TASK TO COMPLETE: In the entries below, find the line with "Rexona Rexona Invisible" and the line with "Descriptor and status". Reproduce those two lines and every line between them exactly, and nothing more.

EXCERPTED RECORDS:
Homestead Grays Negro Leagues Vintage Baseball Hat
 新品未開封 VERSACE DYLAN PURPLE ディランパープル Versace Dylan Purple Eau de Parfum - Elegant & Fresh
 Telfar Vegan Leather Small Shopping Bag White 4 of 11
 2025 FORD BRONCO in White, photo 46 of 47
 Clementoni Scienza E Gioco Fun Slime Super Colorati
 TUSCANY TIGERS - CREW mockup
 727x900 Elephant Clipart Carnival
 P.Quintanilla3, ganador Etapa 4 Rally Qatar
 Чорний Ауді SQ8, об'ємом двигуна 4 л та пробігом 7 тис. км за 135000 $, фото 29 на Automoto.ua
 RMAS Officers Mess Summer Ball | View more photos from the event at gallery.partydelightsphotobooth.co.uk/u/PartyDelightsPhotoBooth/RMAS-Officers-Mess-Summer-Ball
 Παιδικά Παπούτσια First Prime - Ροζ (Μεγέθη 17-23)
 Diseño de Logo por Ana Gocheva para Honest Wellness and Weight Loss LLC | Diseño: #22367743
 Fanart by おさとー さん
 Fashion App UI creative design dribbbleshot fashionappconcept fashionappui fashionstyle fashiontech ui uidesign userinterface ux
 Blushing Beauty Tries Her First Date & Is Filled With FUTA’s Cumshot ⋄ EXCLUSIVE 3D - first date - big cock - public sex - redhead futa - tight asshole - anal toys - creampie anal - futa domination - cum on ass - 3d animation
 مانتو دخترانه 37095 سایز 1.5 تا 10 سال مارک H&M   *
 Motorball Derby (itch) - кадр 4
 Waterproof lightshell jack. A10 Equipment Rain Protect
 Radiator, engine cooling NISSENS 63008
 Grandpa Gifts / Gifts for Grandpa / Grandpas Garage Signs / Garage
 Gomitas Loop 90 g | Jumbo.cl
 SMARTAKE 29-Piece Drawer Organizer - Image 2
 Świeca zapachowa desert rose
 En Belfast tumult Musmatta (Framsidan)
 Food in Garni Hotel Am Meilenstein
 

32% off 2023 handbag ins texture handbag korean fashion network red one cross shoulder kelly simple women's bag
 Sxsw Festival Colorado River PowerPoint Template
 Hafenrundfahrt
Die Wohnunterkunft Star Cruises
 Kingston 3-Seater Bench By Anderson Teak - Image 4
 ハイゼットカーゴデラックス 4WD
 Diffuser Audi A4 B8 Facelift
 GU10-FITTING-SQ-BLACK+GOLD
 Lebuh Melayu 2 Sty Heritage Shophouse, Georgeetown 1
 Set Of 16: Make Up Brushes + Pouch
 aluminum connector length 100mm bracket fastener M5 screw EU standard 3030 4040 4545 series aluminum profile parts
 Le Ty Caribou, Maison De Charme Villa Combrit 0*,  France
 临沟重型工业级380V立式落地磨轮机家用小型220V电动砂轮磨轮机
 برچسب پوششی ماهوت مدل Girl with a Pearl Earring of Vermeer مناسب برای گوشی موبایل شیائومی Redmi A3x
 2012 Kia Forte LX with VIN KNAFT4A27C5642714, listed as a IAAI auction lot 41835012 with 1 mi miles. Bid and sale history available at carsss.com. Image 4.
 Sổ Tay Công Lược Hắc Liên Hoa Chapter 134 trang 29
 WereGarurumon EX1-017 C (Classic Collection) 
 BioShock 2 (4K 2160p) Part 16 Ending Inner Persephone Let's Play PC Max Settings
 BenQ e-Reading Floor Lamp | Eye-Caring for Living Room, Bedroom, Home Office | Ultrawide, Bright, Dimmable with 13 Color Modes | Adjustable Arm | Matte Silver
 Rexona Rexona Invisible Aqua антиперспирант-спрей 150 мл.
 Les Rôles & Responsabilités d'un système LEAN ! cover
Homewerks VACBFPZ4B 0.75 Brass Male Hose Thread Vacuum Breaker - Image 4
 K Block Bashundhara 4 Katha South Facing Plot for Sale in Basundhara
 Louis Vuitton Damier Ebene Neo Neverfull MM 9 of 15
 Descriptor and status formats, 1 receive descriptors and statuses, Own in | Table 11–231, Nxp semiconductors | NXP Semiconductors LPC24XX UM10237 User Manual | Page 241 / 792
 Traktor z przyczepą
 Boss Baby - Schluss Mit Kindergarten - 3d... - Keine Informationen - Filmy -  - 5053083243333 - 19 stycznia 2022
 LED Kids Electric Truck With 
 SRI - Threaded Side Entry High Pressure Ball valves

ANSWER BOX:
 Rexona Rexona Invisible Aqua антиперспирант-спрей 150 мл.
 Les Rôles & Responsabilités d'un système LEAN ! cover
Homewerks VACBFPZ4B 0.75 Brass Male Hose Thread Vacuum Breaker - Image 4
 K Block Bashundhara 4 Katha South Facing Plot for Sale in Basundhara
 Louis Vuitton Damier Ebene Neo Neverfull MM 9 of 15
 Descriptor and status formats, 1 receive descriptors and statuses, Own in | Table 11–231, Nxp semiconductors | NXP Semiconductors LPC24XX UM10237 User Manual | Page 241 / 792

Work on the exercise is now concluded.